My PhD on Declarative Programming Via Term Rewriting, which I completed at Johns Hopkins University, is done.

This research project was about developing a declarative, weighted logic programming language for machine learning, artificial intelligence, and natural language processing applications. The programming language we were researching was interesting because it allowed for programs that do interesting probabilistic and symbolic reasoning to be concisely expressed in a few lines of code. It accomplishes this by allowing the programmer to leave out as many details as possible about how the program is executed. This is similar to a database, where the database needs to automatically figure out how to retrieve the data given a high-level declarative query.

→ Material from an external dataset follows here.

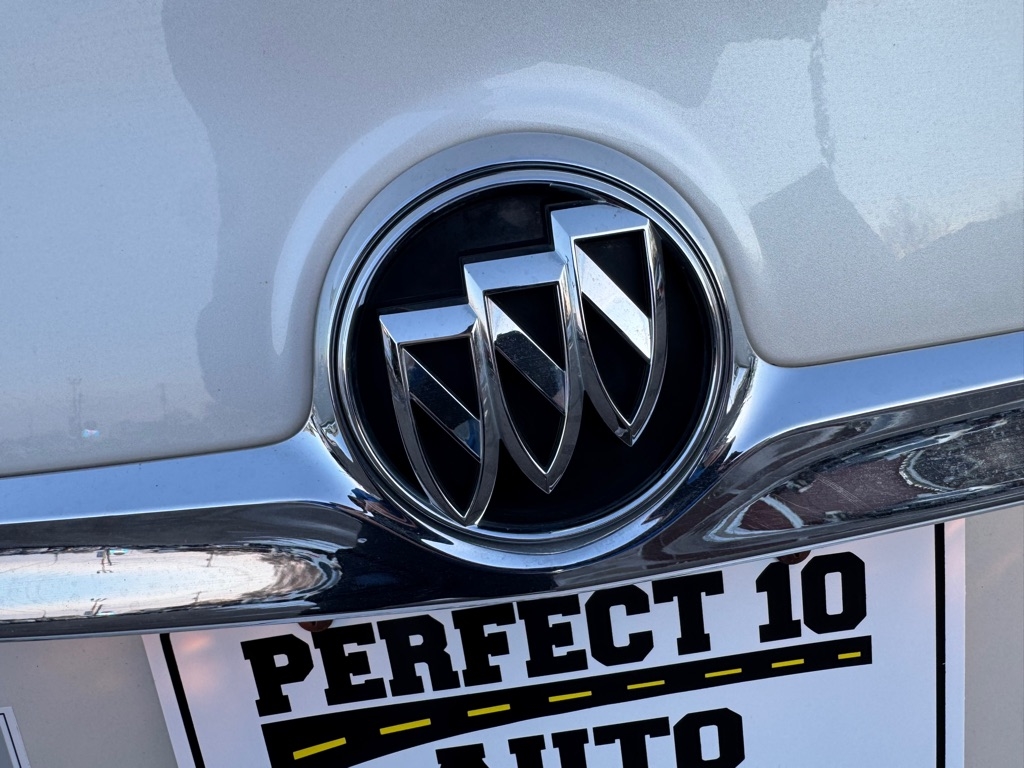 Buick LaCrosse 4dr Sdn Leather AWD 2014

To make this work, I created a relational algebra, which is capable of representing entire programs. To make the system flexible enough to find a good execution strategy, I created a term rewriting approach that includes hundreds of rewrite rules to run the program. This is similar to rewriting an expression like “2 + 3” as “5” where both of these expressions are semantically equivalent.

To make the term rewriting relational algebra approach tractable, I additionally had to redesign many of the traditional approaches that programming languages are implemented. For example, I created a new way to think about memoization (dynamic programming) to make it work with our system. Additionally, I created a (JIT) compiler for our term rewrite system because the naive implementation was too slow for real world use.

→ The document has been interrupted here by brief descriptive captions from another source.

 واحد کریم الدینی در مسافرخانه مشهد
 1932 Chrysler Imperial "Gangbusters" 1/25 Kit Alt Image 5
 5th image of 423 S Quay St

In the end, this was an interesting research project. However, I think that this work was set a bit too firmly in the realm of symbolic systems for AI (the AI paradigm of yesteryear). Hence, I do not know if this is applicable to modern only big neural AI that is dominating. Eventually, I do think that this work may see some use. The reason is that while pure neural creates really cool demonstrations, it will also fabricate information. This creates an issue when these systems are deployed into applications, and that is a problem for their usability in industry. Hence, having a system that incorporates weighted reasoning (necessary for neural networks), and symbolic reasoning into a single system is a very powerful programming paradigm.

The dissertation document and recording of the defense are available at:

Dissertation Abstract

I present a new approach to implementing weighted logic programming languages. I first present a bag-relational algebra that is expressive enough to capture the desired denotational semantics, directly representing the recursive conjunctions, disjunctions, and aggregations that are specified by a source program. For the operational semantics, I develop a term-rewriting system that executes a program by simplifying its corresponding algebraic expression.

I have used this approach to create the first complete implementation of the Dyna programming language. A Dyna program consists of rules that define a potentially infinite and cyclic computation graph, which is queried to answer data-dependent questions. Dyna is a unified declarative framework for machine learning and artificial intelligence researchers that supports dynamic programming, constraint logic programming, reactive programming, and object-oriented programming. I have further modernized Dyna to support functional programming with lambda closures and embedded domain-specific languages.

The implementation includes a front-end that translates Dyna programs to bag-relational expressions, a Python API, hundreds of term rewriting rules, and a procedural engine for determining which rewrite rules to apply. The rewrite rules generalize techniques used in constraint logic programming. In practice, our system is usually able to provide simple answers to queries.

Mixing disparate programming paradigms is not without challenges. We had to rethink the classical techniques used to implement logic programming languages. This includes the development of a novel approach for memoization (dynamic programming) that supports partial memoization of fully or partially simplified algebraic expressions, which may contain delayed, unevaluated constraints. Furthermore, real-world Dyna programs require fast and efficient execution. For this reason, I present a novel approach to just-in-time (JIT) compile sequences of term rewrites using a custom tracing JIT.